Aslen Fransalı olan ve uzun yıllar İngiltere, İspanya gibi farklı ülkelerde yaşadığını söyleyen Audrey P., “Fransa’da iken Farsça öğreniyor, doğu felsefelerini merak ediyordum. Bu merak beni Türkiye’ye getirdi.  Çocukken müzikten nefret ederdim. Fransız okullarında bize zorla flüt öğretirlerdi. Utangaç bir çocuktum, Sınıfın önünde flüt çalmak bana ölüm gibi gelirdi. Kendi kendime söz verdim okul bitince değil enstrüman çalmak, enstrüman bile görmek istemiyorum dedim. Daha sonra İspanya’da yaşarken bir Flamenko konserine gittim. Müzikten çok etkilendim, müzikle yeniden barıştım” diye konuştu.
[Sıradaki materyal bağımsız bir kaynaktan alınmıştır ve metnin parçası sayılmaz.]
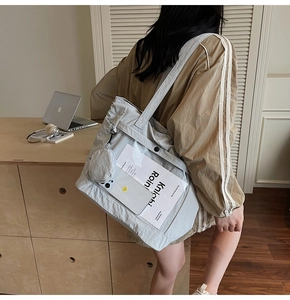 Detail of grey canvas tote bag featuring a transparent PVC front pocket and mini purse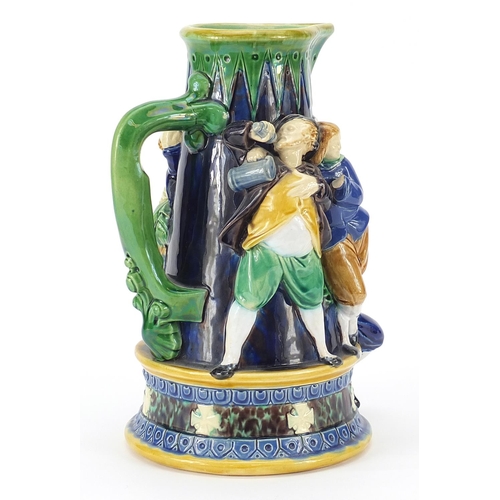 209 - Minton, Victorian Majolica jug decorated in relief with figures, numbered 487 to the base, 24cm high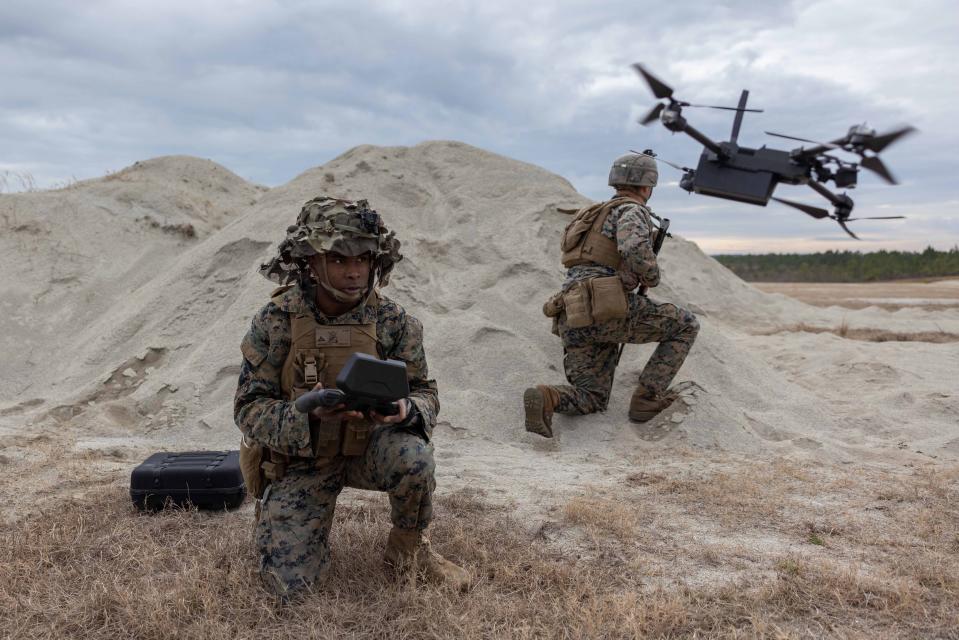 Marine Corps Lance Cpl. Donte Mathews flies an unmanned aircraft system during a mortar range event at Camp Lejeune, N.C., Jan. 17, 2023.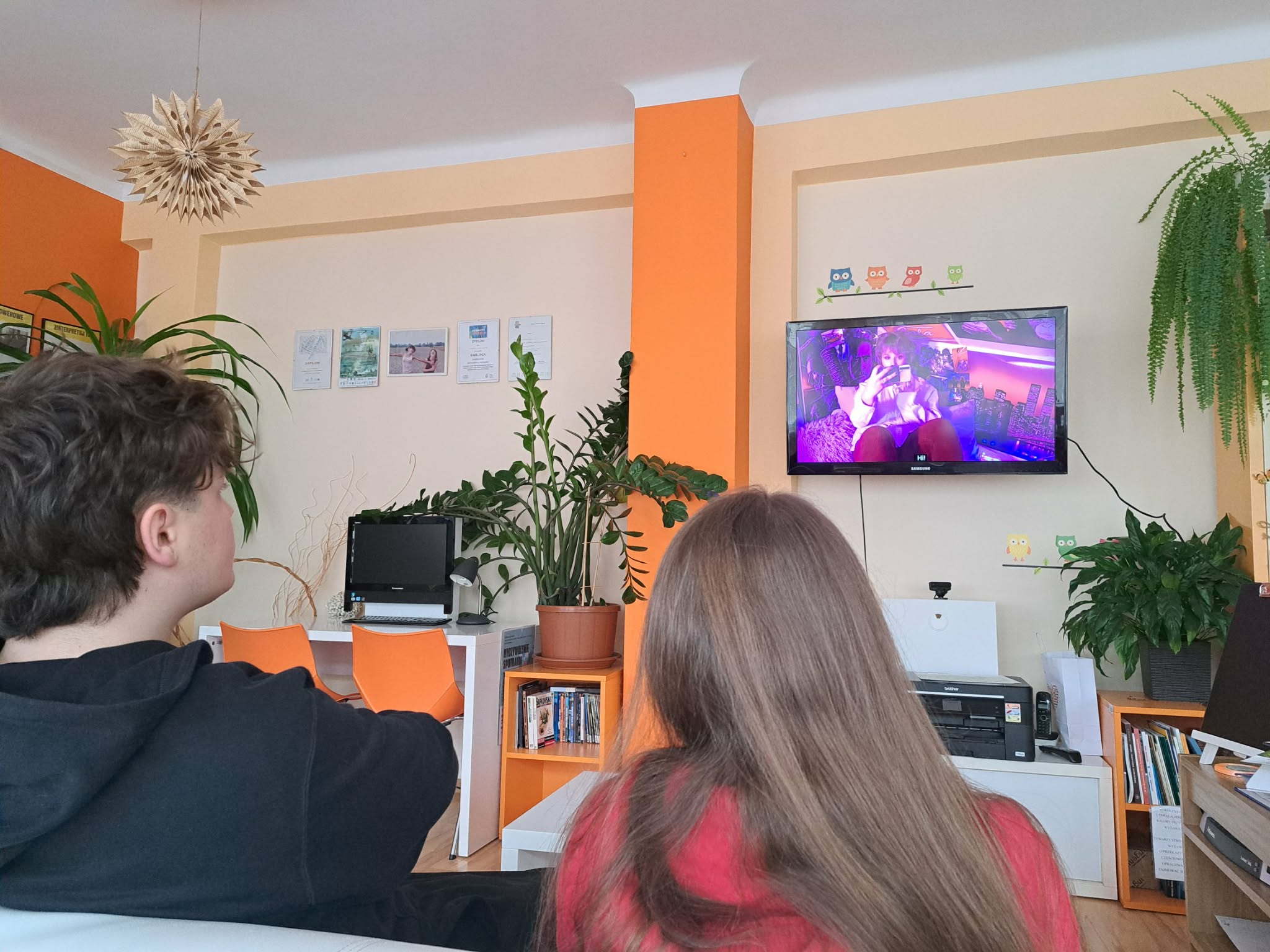 Młodzi ludzie siedzą przed telewizorem i oglądają film.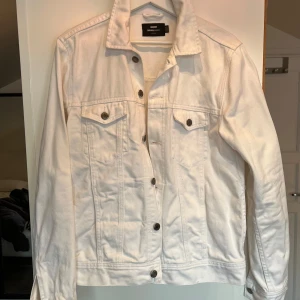 Vit jeansjacka från Dr. Denim - Säljer en stilren vit jeansjacka från Dr. Denim. Jackan har knappar framtill och två bröstfickor med knappstängning. Perfekt för en avslappnad look.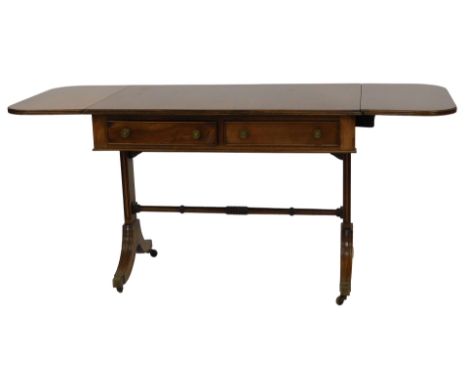 A mahogany sofa table, the drop leaf top with a rounded edge above two frieze drawers, raised on two reeded end supports with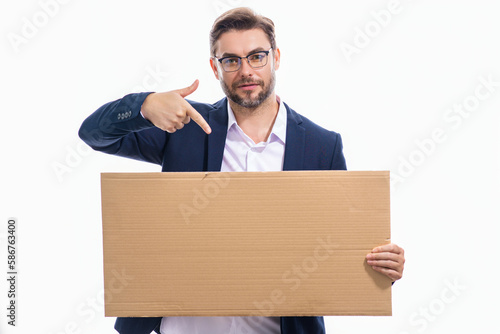 Man in studio showing promo blank board pointing finger on sign board. Blank signboard with copyspace. Advertisement concept. Ad board with copy space, blank mockup. Blank signboard, placard.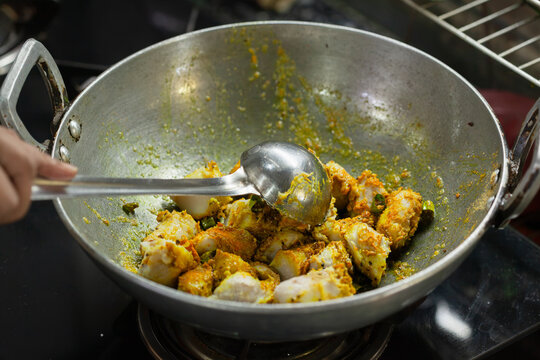 Indian style taro root curry being cooked in a wok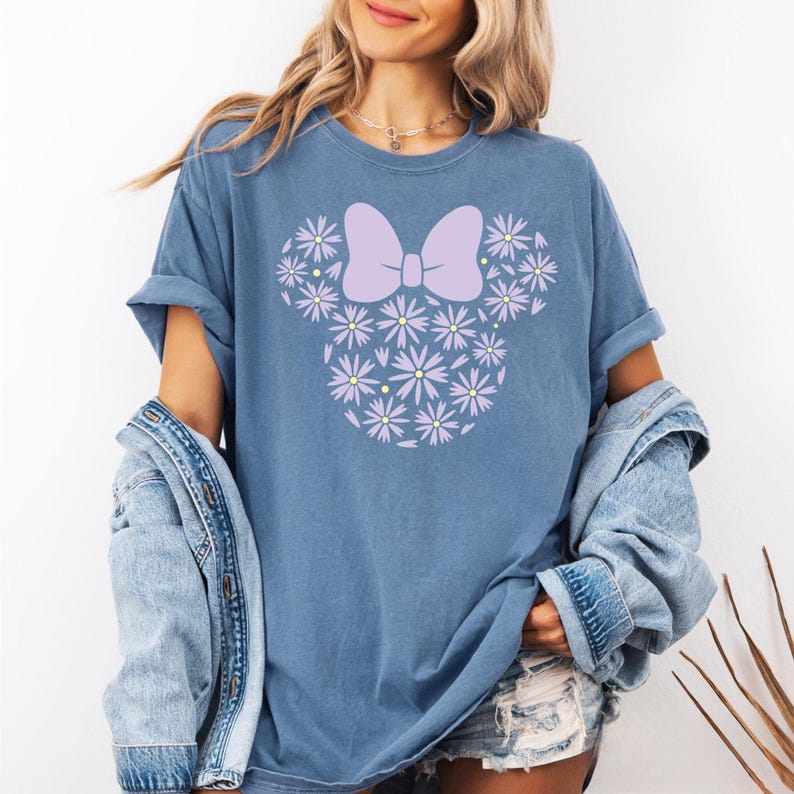 May include: A blue t-shirt with a purple flower design in the shape of a mouse head with a bow.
“MEVLEVİ AYİNLERİNİ SEVİYORUM”

İlk çaldığı enstrümanın ney olduğunu belirten ve Türk müziğine olan sevgisinden bahseden Audrey, “Kültür bakanlığının icralarını ve en çok da Mevlevi ayinlerini seviyorum. Türk Klasik Musikisini sevmemi de Mevlevi ayinlerine borçluyum. İstanbul’da Yeni Kapı Mevlevihane’sinde birçok Mevlevi ayini dinledim. Beni derinden etkiledi ve hala da onları dinliyorum. Ney’e başlamamın nedeni Mevlevi ayinleridir” şeklinde konuştu.     
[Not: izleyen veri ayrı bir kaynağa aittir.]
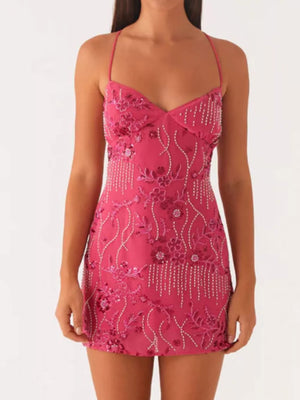 Fuchsia pink mini dress with floral embroidery and beaded fringe detail.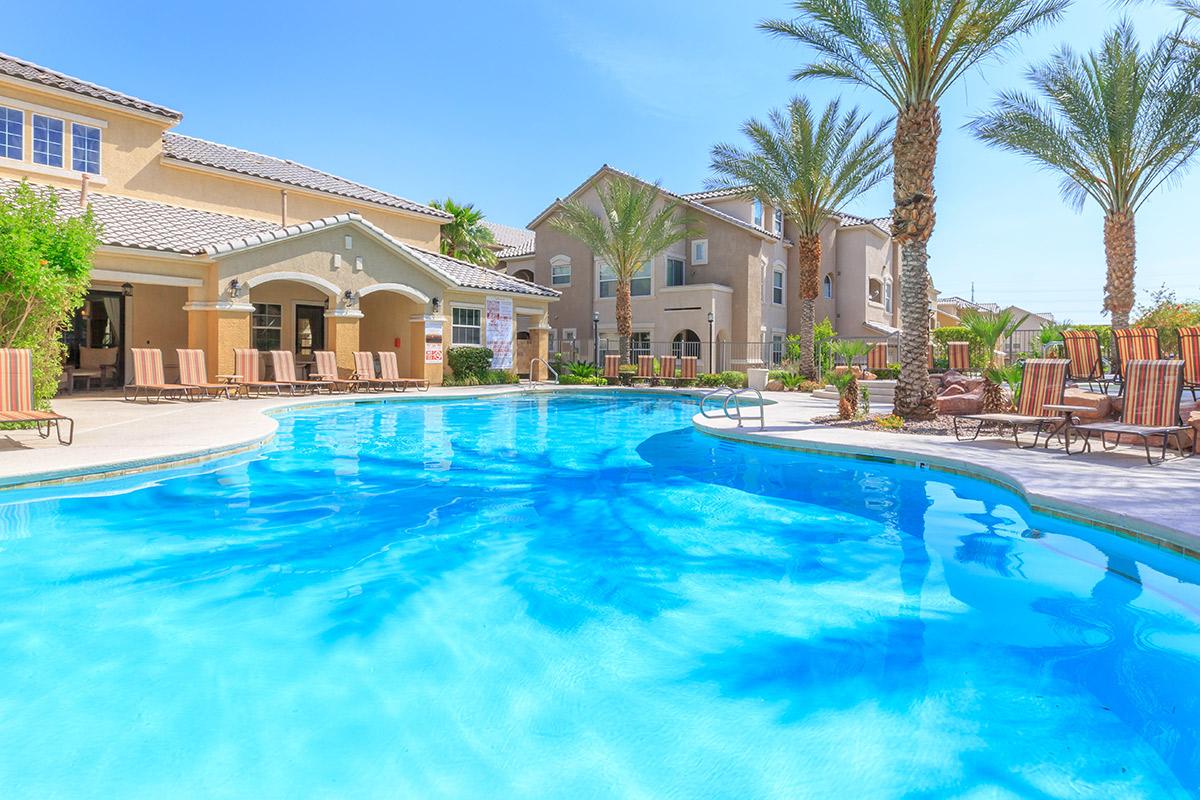 A bright, sunny pool area surrounded by palm trees and lounge chairs, with residential buildings in the background. The water is clear and inviting, reflecting the blue sky overhead. The scene conveys a relaxing, vacation-like atmosphere.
“NEFES YÜREKTEN GELİYOR İSE ZOR DEĞİL”

Farklı enstrüman öğrenmek istediğini söyleyen Audrey, “İran neyini de merak ediyorum. Onların sisteminin farklı olduğunu biliyorum. Ama yine de seviyorum belki ileri de ud da öğrenirim” diye konuştu.  Ayrıca Ney’in zorluğundan ve çalışma azminden bahseden Audrey, “Biraz felsefi bir cevap olacak ama eğer nefes yüreğinizden geliyor ise Ney zor bir alet değil.  Ben zorlanmıyorum. Ney sazını çok seviyor, günde iki saat çalışıyorum. Disiplin ve sevgi birleşince hiçbir şey zor değildir” dedi.